The Great Mortality – part 1

 

Commodore_Perry's_second_fleetOne can´t help but wonder about the crew aboard those twelve Genoese galleys that anchored up at Messina in Sicily on that October day in 1347. Those that were still alive must have seen their shipmates dying in horrifying agony, covered with black moulds. Did they know they would die too? Maybe. Did they know what they were part in bringing to Europe? Not likely.
But they brought the first wave of what in England came to be known as “The Great Pestilence” or “The Great Mortality” (the name Black Death wasn´t used in England until the 1820´s*). The Plague quickly spread across Sicily, and only three months later, in January 1348, a new shipment of death arrived in Europe, this time it was galleys coming from Caffa (today belonging to Ukraine/Crimea under the name of Feodosia), a town on the coast of the Black Sea which at the time was under the control of the Republic of Venice. They arrived in Venice and Genoa, but one of the galleys were later expelled from Italy only to arrive in Marseille. The Great Mortality had established itself on the European mainland, striking England in June 1348.

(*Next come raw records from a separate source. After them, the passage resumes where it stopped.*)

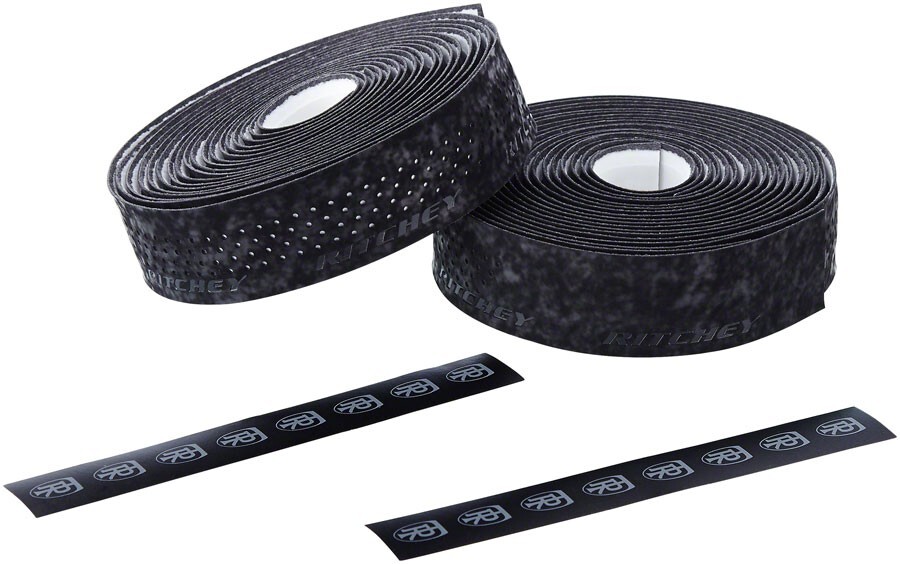 Ritchey WCS Gazos Bar Tape – Black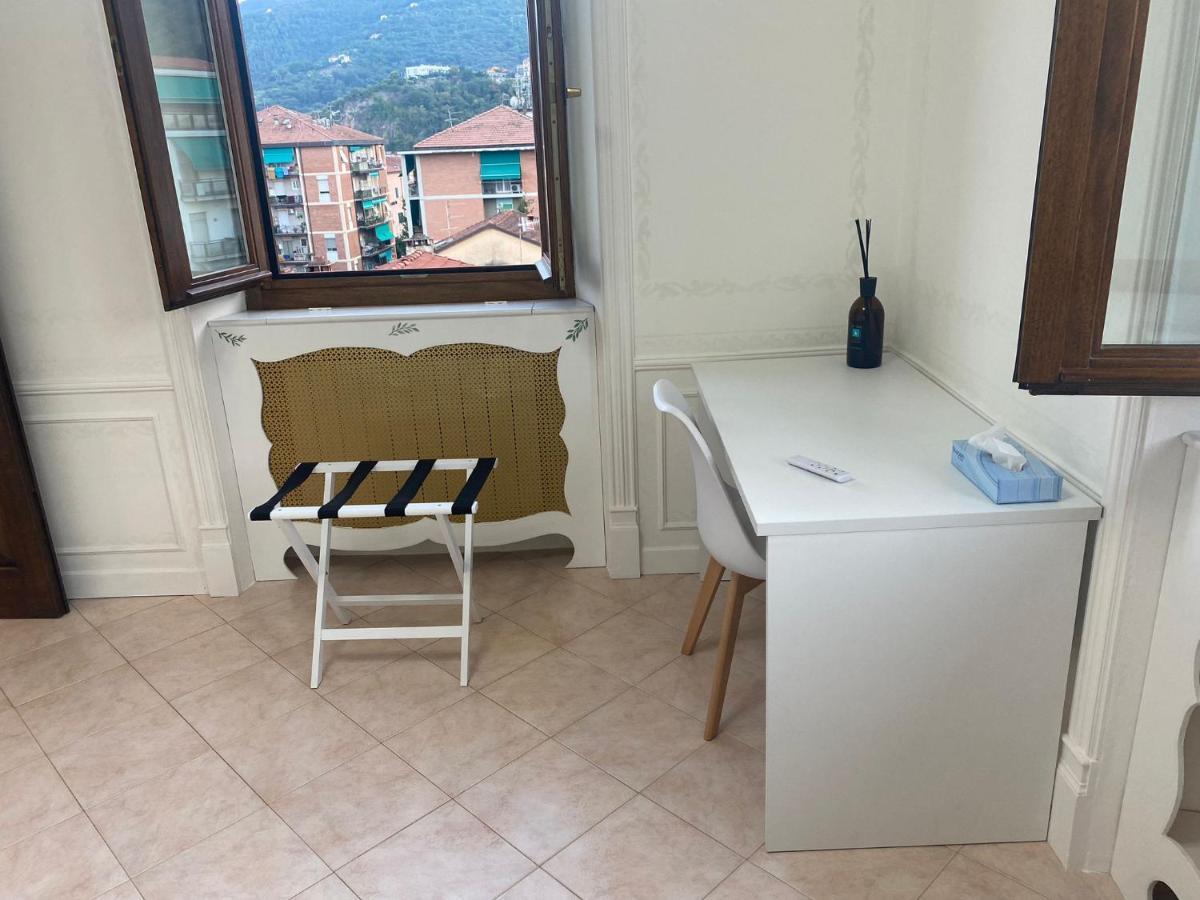 Apartamento Da Arma La Spezia Exterior foto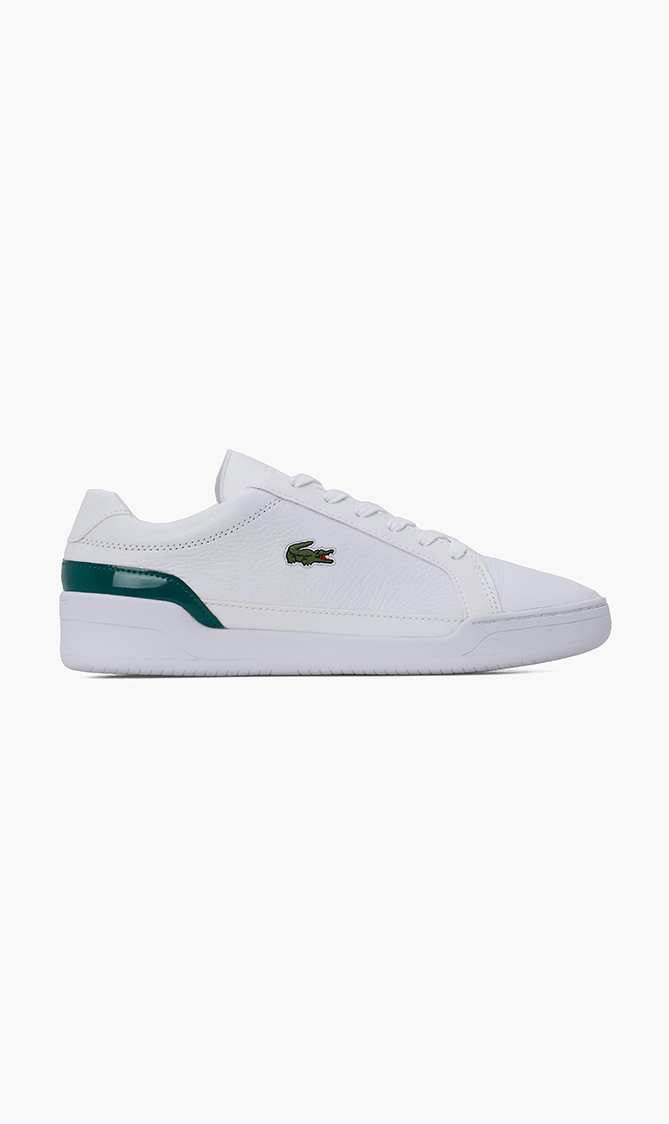 

Lacoste Challenge 220 Leather Trainers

The seventh year after it began, it came to England and first began in the towns and ports joining on the seacoasts, in Dorsetshire, where, as in other counties, it made the country quite void of inhabitants so that there were almost none left alive.
… But at length it came to Gloucester, yea even to Oxford and to London, and finally it spread over all England and so wasted the people that scarce the tenth person of any sort was left alive.
Geoffrey the Baker, Chronicon Angliae

 

The disease originated in Central Asia and moving on through Kurdistan and India along the so called Silk Road and Blackdeath2had most likely reached modern day Crimea in 1343. It has long been considered and indisputable fact that it was rats on the ships who spread the plague through fleas which, when their hosts died and stopped supplying them with blood, moved on to humans. This has been contested during the past few years after the finding of a mass grave in central London which had been used to bury victims of the plague. But I will return to this, possibly in a separate post.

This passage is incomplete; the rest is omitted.